The camp also had a gas chamber, where prisoners were killed using Zyklon B gas, and a crematorium for disposing of the bodies.
Auschwitz II-Birkenau, the largest and most infamous of the three camps, was established in 1941 and served as the extermination center. It had several gas chambers and crematoria, where thousands of prisoners were killed and their bodies burned every day.
The camp was designed to accommodate up to 100,000 prisoners but was often overcrowded, with as many as 200,000 people crammed into the barracks.
Auschwitz III-Monowitz, also known as Buna or Monowitz, was established in 1942 and served as a labor camp for the IG Farben chemical company. Prisoners were forced to work in harsh conditions and often died from exhaustion, malnutrition, or disease. The camp also had a gas chamber and crematorium.
Auschwitz was liberated by Soviet forces on January 27, 1945, but the horrors that took place there continue to reverberate through history. Today, Auschwitz-Birkenau Memorial and Museum serves as a somber reminder of the atrocities committed during the Holocaust.

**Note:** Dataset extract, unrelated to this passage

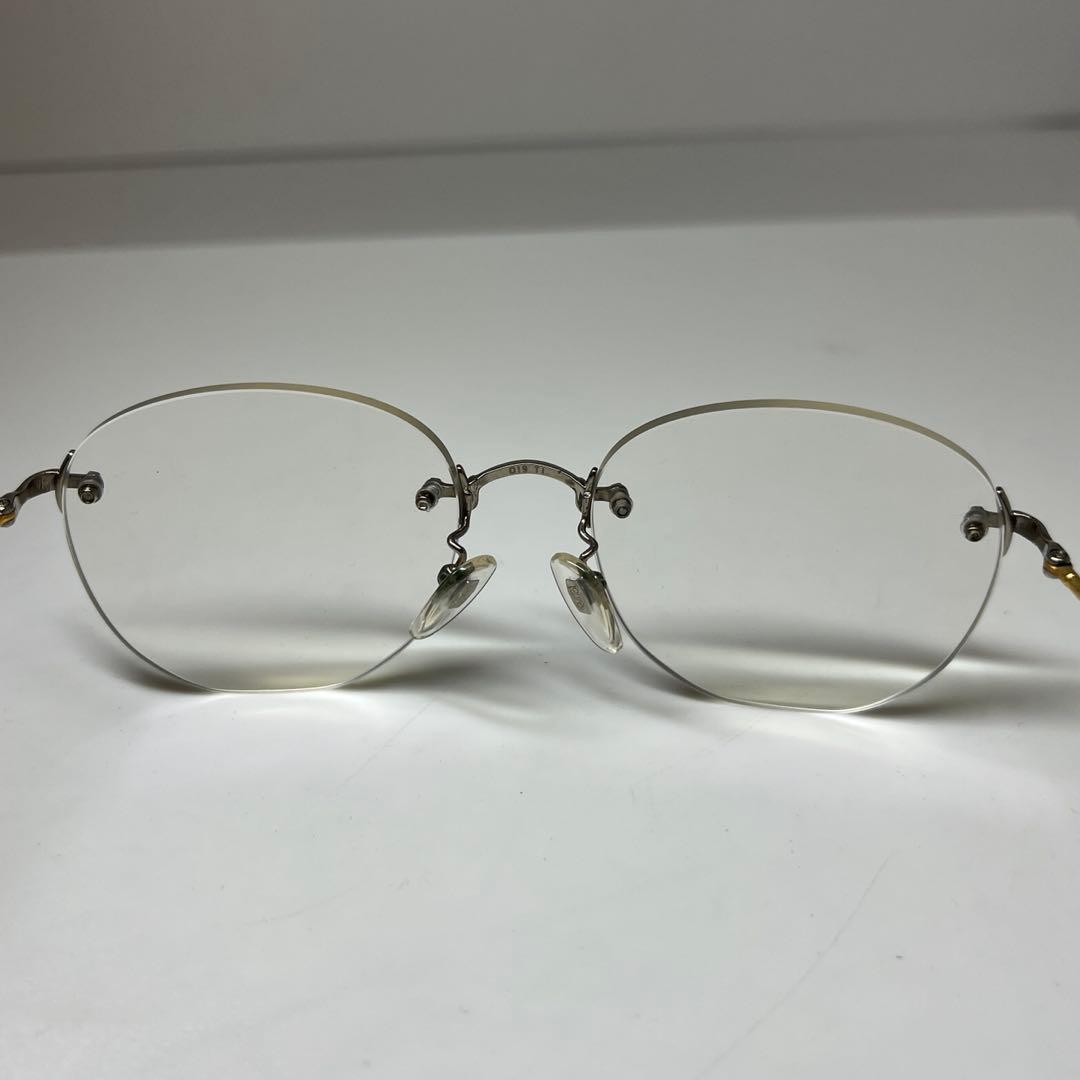 K18刻印 Paris 鼈甲眼鏡 26.8g 東キ8-0124☆2F トコチ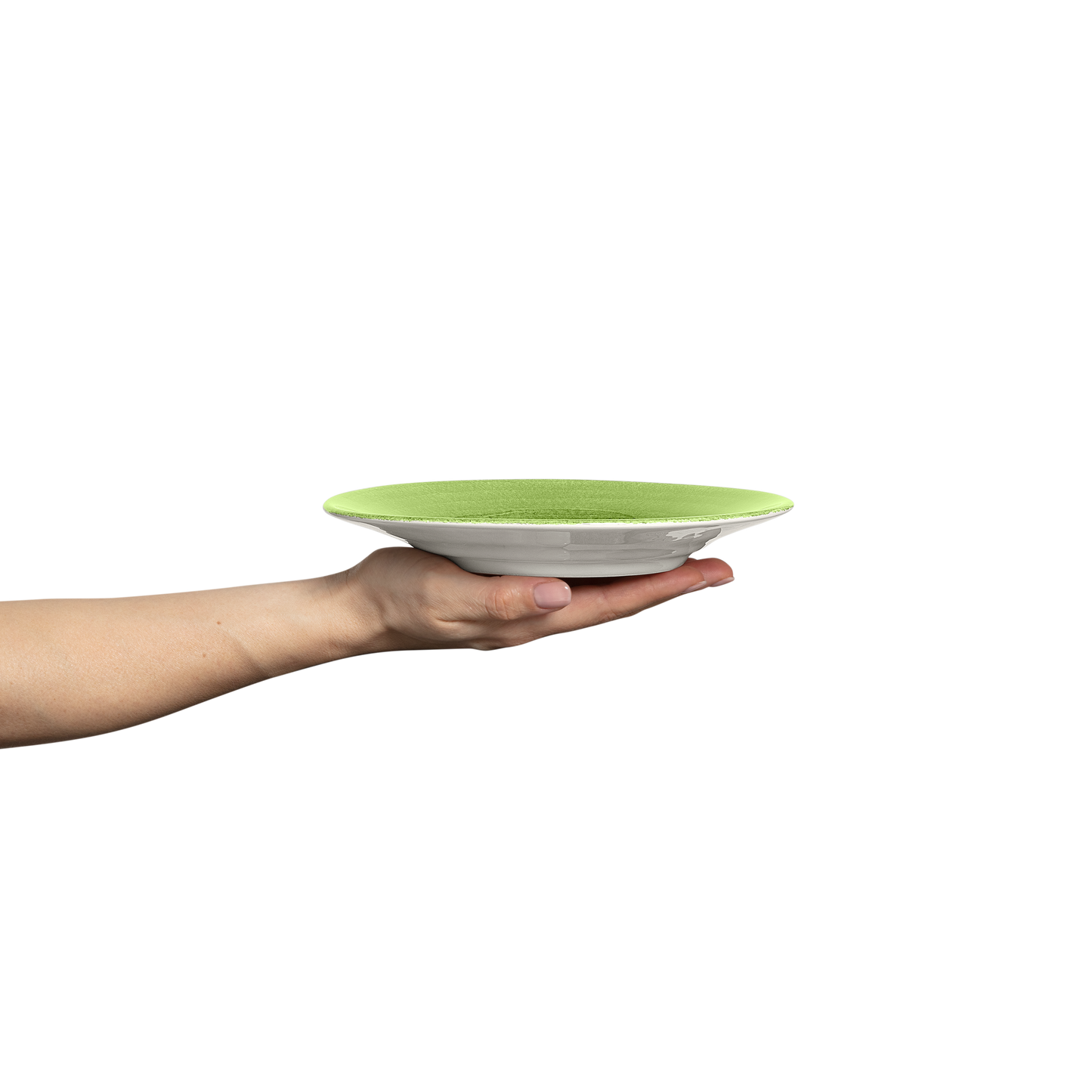 Basic Plate 21 cm Green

Visitors can see the gas chambers, crematoria, and barracks, as well as personal belongings and documents left behind by the prisoners.
The memory of Auschwitz serves as a crucial reminder of the dangers of prejudice, discrimination, and hatred. It reminds us of the terrible consequences of allowing these attitudes to go unchecked and unchallenged.
The legacy of Auschwitz should inspire us to work towards a world where such atrocities are never repeated and where all people are treated with dignity and respect.